Deze is direct geplaats over de anodepen van de vierpens buisvoet om een zo'n kort mogelijke verbinding met de anode te maken. De tweede buis heeft een normale HF-smoorspoel van 20 mH die staand op het gevouwen chassis is gemonteerd. Een nadeel  bij dergelijke raamontvangst is dat onder de golflengte 400 meter de gevoeligheid van de ontvanger snel afneemt. Hetgeen bij het lezen van de stations op het instructieplaatje al gauw duidelijk wordt, het zijn het meest stations boven de 400 meter.

Hoofdzakelijk door de eigencapaciteit van de spoelen. Dergelijke ontvangers dateren uit de tijd dat het radioverkeer nog op lange golven plaats vond. Ook ontstaat er een veelvoud van detectie in de aperiodische voorversterking wat voor vervorming van het LF-signaal kan zorgen. Om dit te voorkomen zijn de roosters van de beide HF-buizen met de min van de gloeidraadleiding verbonden. De eerste buis via de wikkelingen van het raam en de tweede met een weerstand van 100 kohm. Beter zou zijn beide buizen wat meer negatief te geven. De roosterdetector heeft een lekweerstand van 2 Mohm, en is zoals gebruikelijk met de plus van de gloeidraad verbonden.

Alleen het raam wordt afgestemd met een enkelvoudige variabele condensator van 500 cm (= 550 pF). Terugkoppeling met een variabele mica condensator vanaf de anode van de detector naar een aftakking op het raam.

Over drie lampen terugkoppelen met aperiodische spoelen kan heel goed, echter door optredende faseverschuiving die voor de lange golf anders zal zijn dan voor kortere golven heeft men er voor gezorgd dat bij omschakelen van de golflengteschakelaar ook de wikkelrichting van de te gebruiken wikkelingen op het raam voor de terugkoppeling andersom aangesloten worden. Voor lange golf wordt de raamwikkeling van de korte golf (heet nu middengolf) gebruikt als terugkoppelwikkeling.

Een raamantenne is een antenne welke vergeleken met andere antennes een wat afwijkend exemplaar is. Bij de normale draadantennes gaan we er van uit dat er aan de uiteinde een meer of mindere capaciteit bestaat. We noemen deze dan ook capacitieve antennes. Bij een zendantenne ontstaan elektromagnetische golven waardoor er een magnetisch en een elektrisch veld optreedt, welke loodrecht op elkaar staan. Stel dat wij op een bepaalde afstand van een zender met een daarvoor bestemd meetapparaat een veldsterkte meten van 2 mV. Wordt dan in een  draadantenne, die in dat elektrische veld is opgehangen, een spanning opgewekt van 6 mV. Dan is de effectieve antennehoogte 6 / 2 = 3 meter.  Het kan zijn dat de antenne hoger hangt of langer is, maar de uitkomst van deze meting hangt af van de omgeving zoals huizen, bomen, metalen constructies enzovoorts.

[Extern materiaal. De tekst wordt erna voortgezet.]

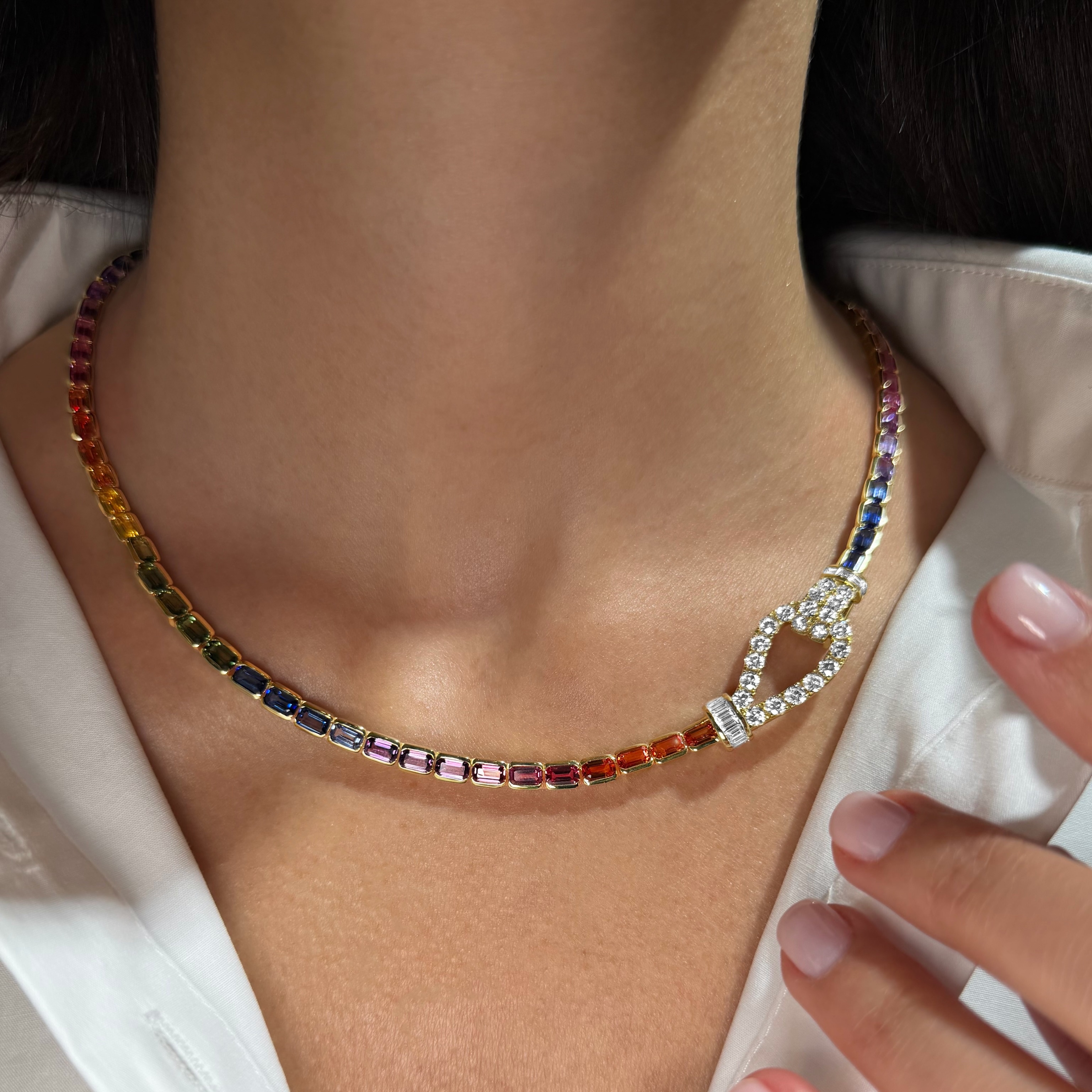 Emerald Cut Multi Color Sapphire Lasso Lock Rainbow Necklace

Een raamantenne heeft door zijn constructie al een vaste effectieve antennehoogte van h = 2π n O / λ. Daarbij is n het aantal windingen van het raam, O de oppervlakte per winding in m2 en λ de golflengte.

De uitkomst zal dan centimeters bedragen. Stel het raam is 30 x 30 cm, het aantal windingen is 15 en de golflengte is 400 meter. Dan is de uitkomst van de berekening 2 cm. Wordt het raam met de opening naar de zender gericht dan doorsnijden de golven de verticale windingen zodanig dat de opgewekte spanningen elkaar opheffen.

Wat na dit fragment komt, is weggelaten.